Norman Houston O'Neill (14 March 1875 – 3 March 1934) was an English composer and conductor of Irish background who specialised largely in works for the theatre.

==Life==
O'Neill was born at 16 Young Street in Kensington, London, the youngest son of the Irish painter George Bernard O'Neill and Emma Stuart Callcott, the daughter of organist and glee composer William Hutchins Callcott. He studied in London with Arthur Somervell and with Iwan Knorr at the Hoch Conservatory in Frankfurt from 1893 to 1897. His studies there were facilitated by Eric Stenbock. He belonged to the Frankfurt Group, a circle of composers who studied at Hoch's Conservatory in the late 1890s.
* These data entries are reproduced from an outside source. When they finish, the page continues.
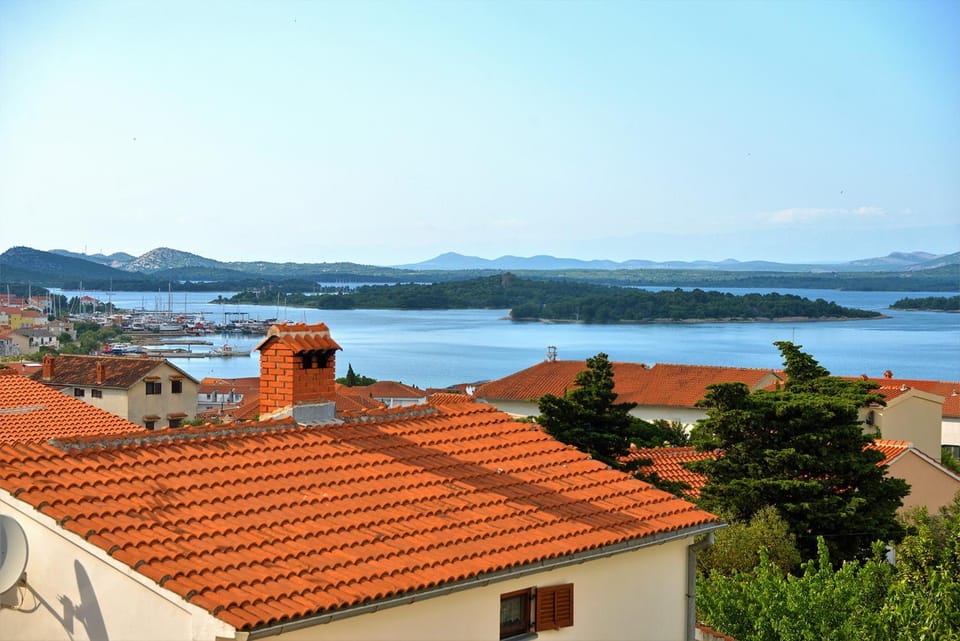 Day, Natural landscape, City view, Mountain view, Sea view, Street view, Sunset, Inner courtyard view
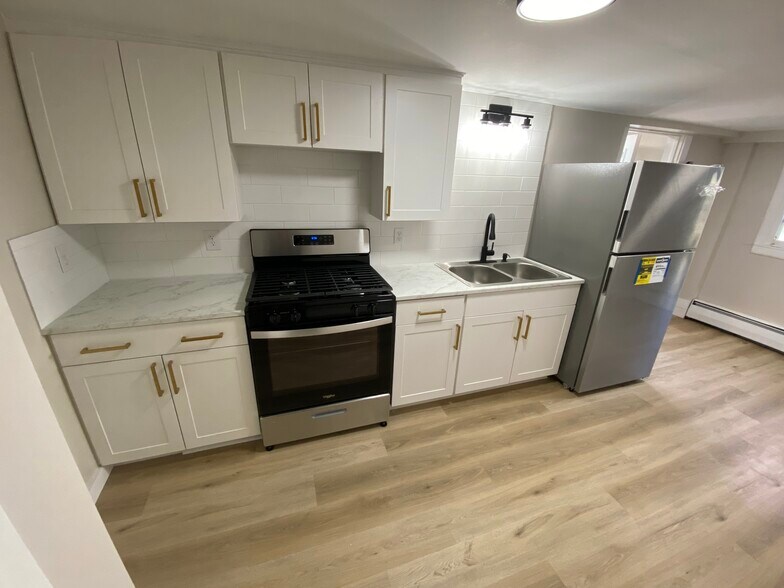 Building Photo - 1019 Chenango St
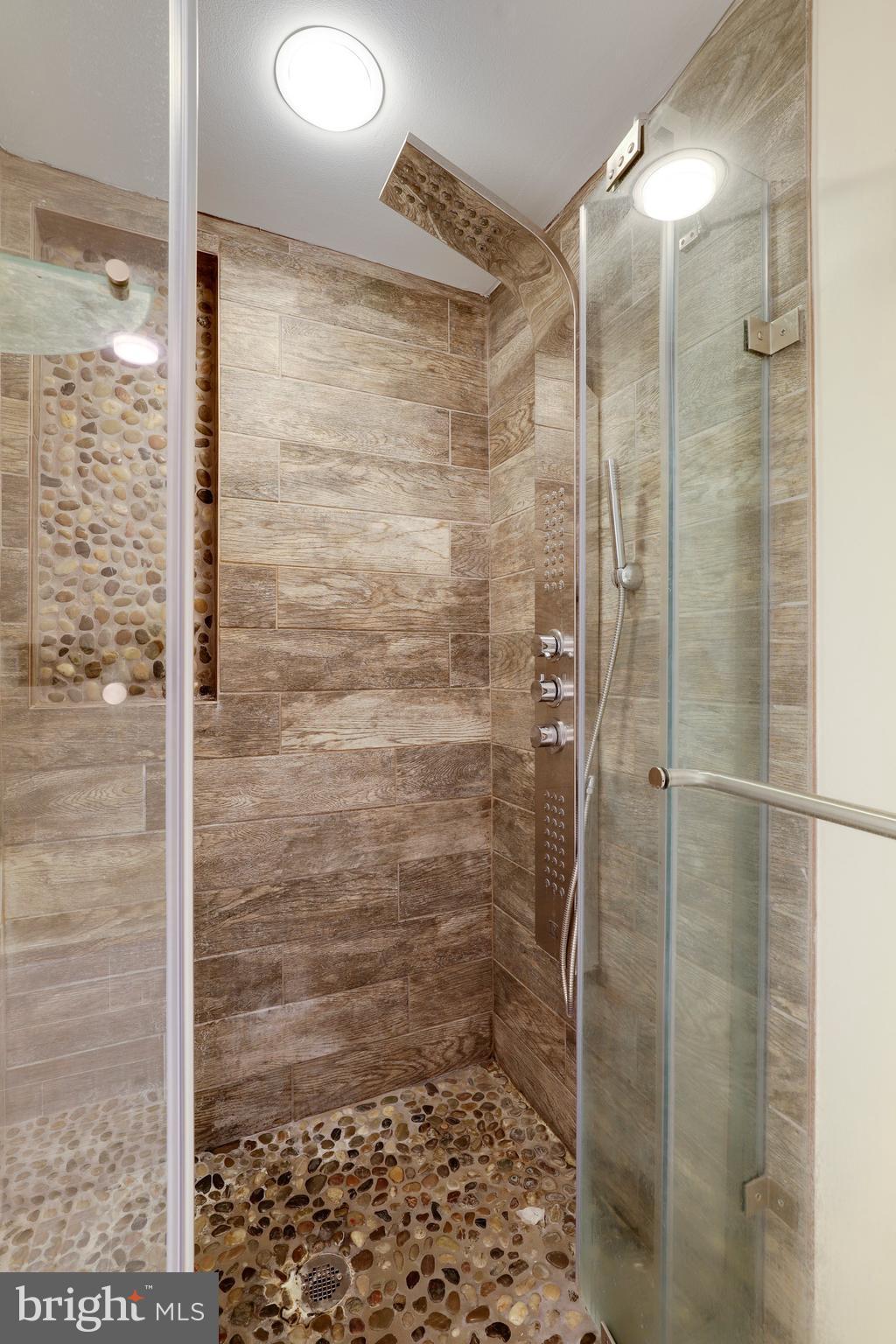 9425 Lost Trail Way Potomac, MD 20854 - Photo 30 of 42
He married Adine Berthe Maria Ruckert (29 July 1875 – 17 February 1947) on 2 July 1899 in Paris. Adine was a celebrated pianist (a pupil of Clara Schumann) and music teacher in her own right – she later became head music mistress at St Paul's Girls' School in Hammersmith. O'Neill began to have some success with concert music, including a 1901 performance of his overture In Autumn given at the Henry Wood Proms. In 1904 he composed the incidental music to John Martin-Harvey’s production of Hamlet at the Lyric Theatre, London. In 1909 he began his long association with the Haymarket Theatre when he was appointed music director.

O'Neill was treasurer of the Royal Philharmonic Society from 1918 until his death and taught harmony and composition at the Royal Academy of Music. A very sociable man, he was a member of the Savage Club, where he liked to meet musical colleagues. He and Adine frequently hosted fellow composers and musicians at their house, 4 Pembroke Villas in Kensington, including Frederick Delius, Theodore Holland, Gustav Holst, Ernest Irving, Percy Grainger and Cyril Scott.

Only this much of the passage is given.